A short history of data tooling

A short history of data tooling, and our motivation for building Twirl

Written by

Image of Will Goldstein
Will Goldstein

As we begin to introduce Twirl to the world, it makes sense to contextualize it within the broader world of data tooling over the past decade or so. How did we get here? Why do we think Twirl should exist?

History

As the internet commercialized in the 2000s, many newly formed companies struggled to leverage the large amounts of data they were accumulating.
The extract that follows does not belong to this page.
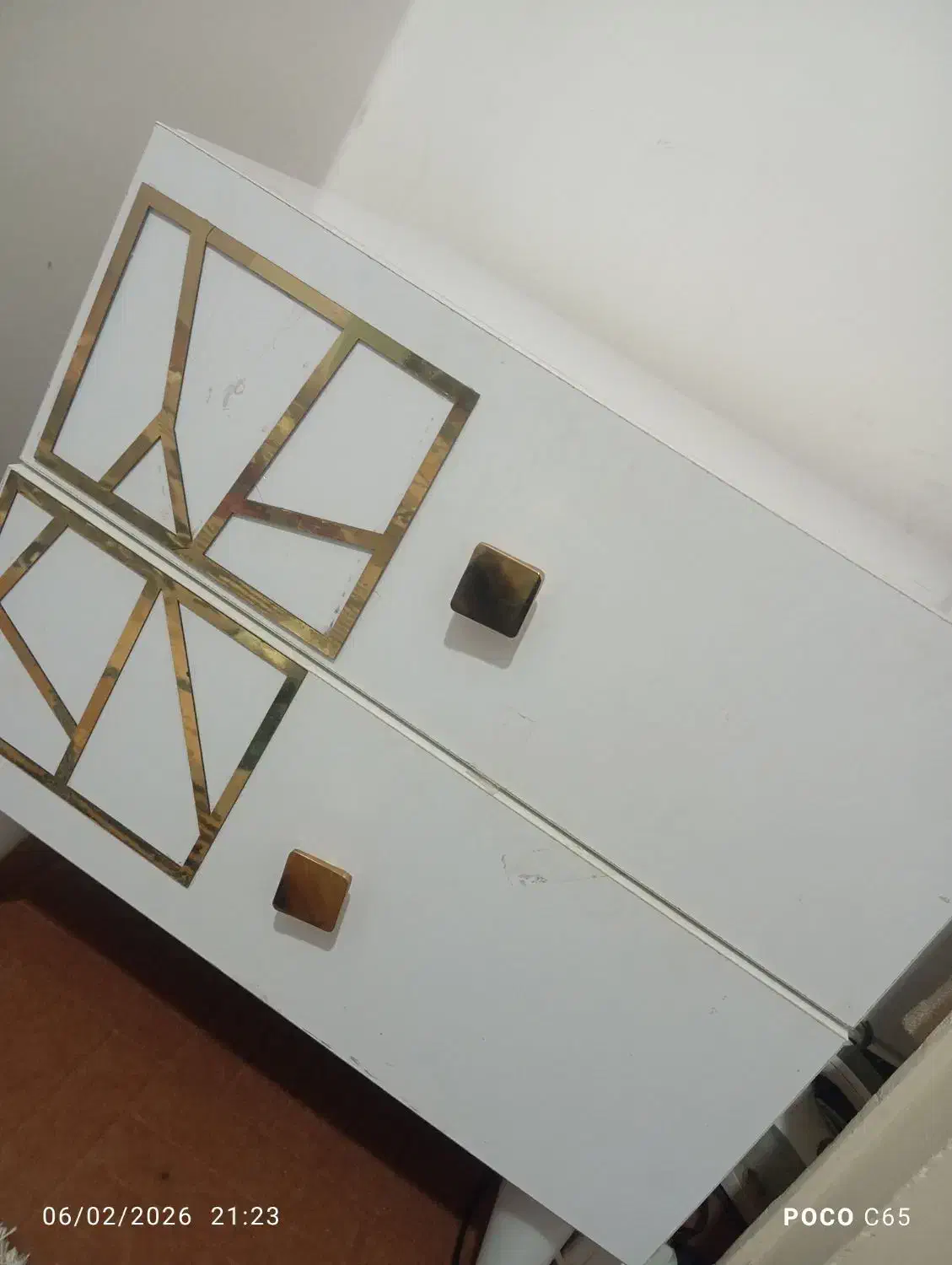 پاتختی|جاکفشی، کمد، دراور|زاهدان, |دیوار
Google’s 2004 MapReduce paradigm and Hadoop ecosystem built around it made analyzing large data sets feasible, but required huge infrastructure and personnel investments.

Then in 2010 with Apache Hive a SQL-like interface was added to the map reduce world, and in the next three years BigQuery, Redshift, and Snowflake were released, popularizing columnar cloud MPP ("massively parallel processing") databases using the whole SQL standard and making analysis accessible without expertise in distributed computing.
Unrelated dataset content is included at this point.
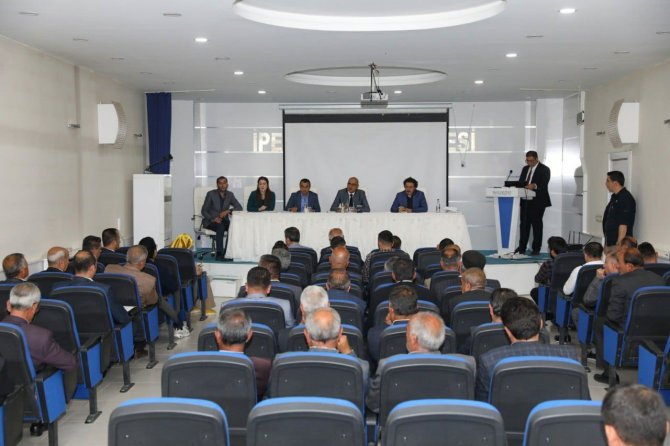 İ̇pekyolu’nda ‘Mahalle Muhtarlarıyla Koordinasyon Toplantısı’ Yapıldı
there used to be a lot of yellow elephants in the blog posts of 2010 (it's the hadoop mascot)

The arrival of approachable, fast compute over large datasets changed the approach companies were taking to analytics, and also dramatically increased the ROI on analytics efforts. Just a few years after columnar cloud warehouses were established, new tools arrived that pioneered ways of working that took advantage of these systems to create better user experiences: Looker, with its data modeling language and runtime datasets, and dbt, with its pre-computation oriented dataset curation.
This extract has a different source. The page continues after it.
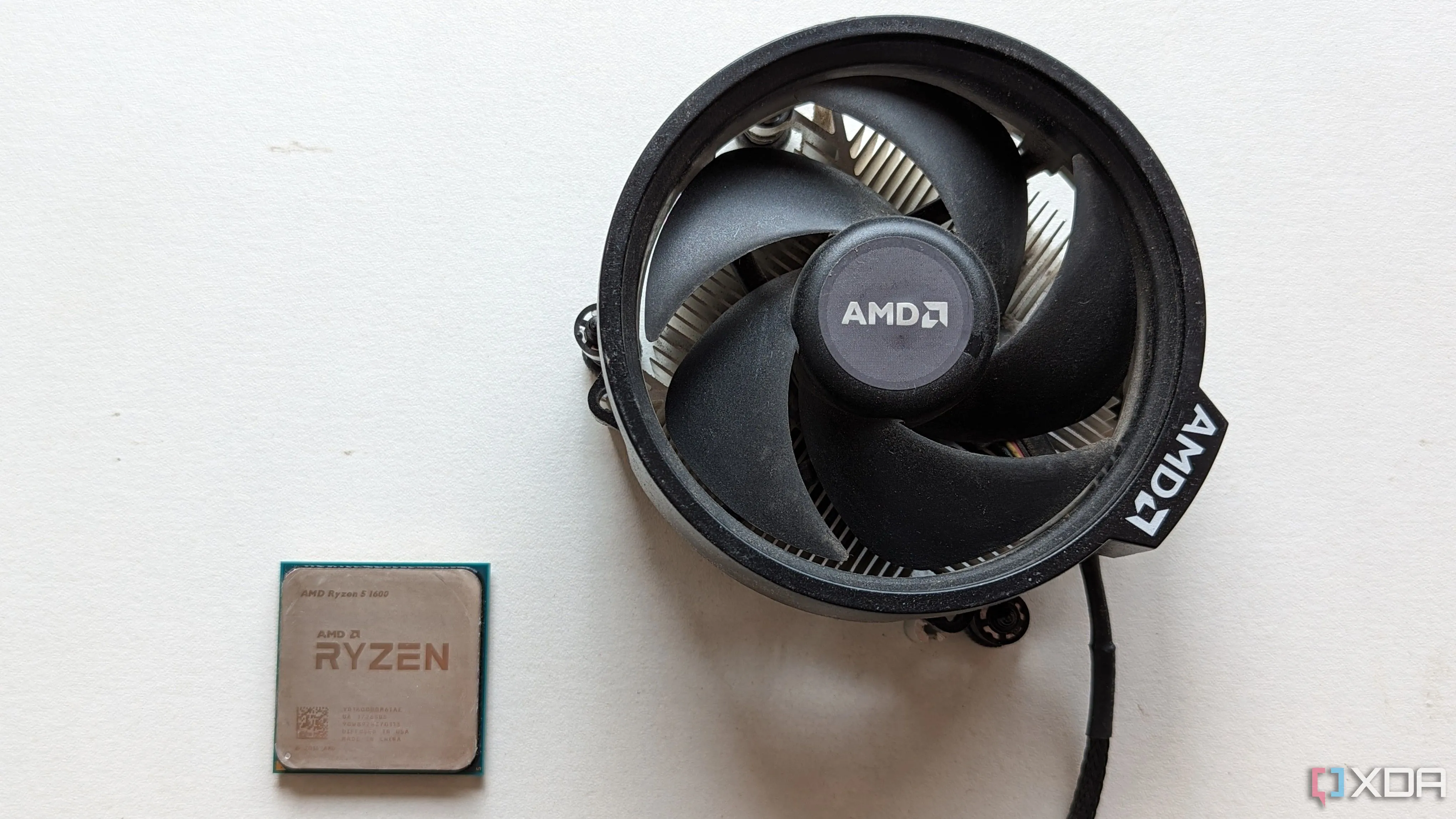 CPU Ryzen 5 1600 và tản nhiệt đi kèm trên bề mặt trắng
Looker bet that the cost of compute would continue to fall (in both time and dollars) and therefore constructing and running complex SQL queries from user definitions would be increasingly viable– and optimizing queries by hand less important.

At the other end, dbt was born out of the observation that while MPP warehouses had incredible processing power, and SQL is surprisingly expressive, it would often require several steps of transformation to get data from its raw stage to a place where it provided insight. Doing all of these steps in a single query meant repeating SQL that could have been reused, but also meant queries began to hit resource limitations in the warehouses themselves. By computing each step one at a time and persisting the intermediate results, dbt provided a principled approach to constructing clean, valuable datasets out of noisy and disparate inputs.

dbt’s separation of long SQL queries into logical pieces also represented a step forward in organizing data analysis across a company. Since each individual piece of SQL could be understood and reused, teams of analysts working together could construct much more useful high level abstractions from raw data over time.

reusing building blocks rather than always starting from scratch makes it feasible to do much more with data

In parallel, forward thinking data companies like Spotify and Airbnb were wrestling with similar issues of coordination and organization but without the unifying thesis of SQL in an MPP warehouse-- they used Hadoop oriented technologies, but still needed a way of sequencing steps within their data flow to allow the re-use of derived datasets and efficiently use limited resources. Their solutions, Luigi and Airflow, reflected the remarkable usefulness of DAGs and dataflow programming, as well as the use of python as the imperative lingua franca of data work.

As the cloud warehouses matured and it became apparent that SQL was sticking around (in the early 2010s MongoDB and NoSQL seemed ascendant), many companies solidified onto a similar looking set of technologies by 2018, dubbed the Modern Data Stack: Fivetran, Airflow, dbt, Snowflake, Looker.

the modern data stack

The state of things

This solution worked well for those who could make the investment. Snowflake, Looker, and Fivetran are all expensive, and both dbt and Looker require extensive upfront effort to model data before seeing any payoff. However companies that successfully implemented these technologies found that they had the ability to quickly answer questions about their business and build reliable data driven workflows and automation.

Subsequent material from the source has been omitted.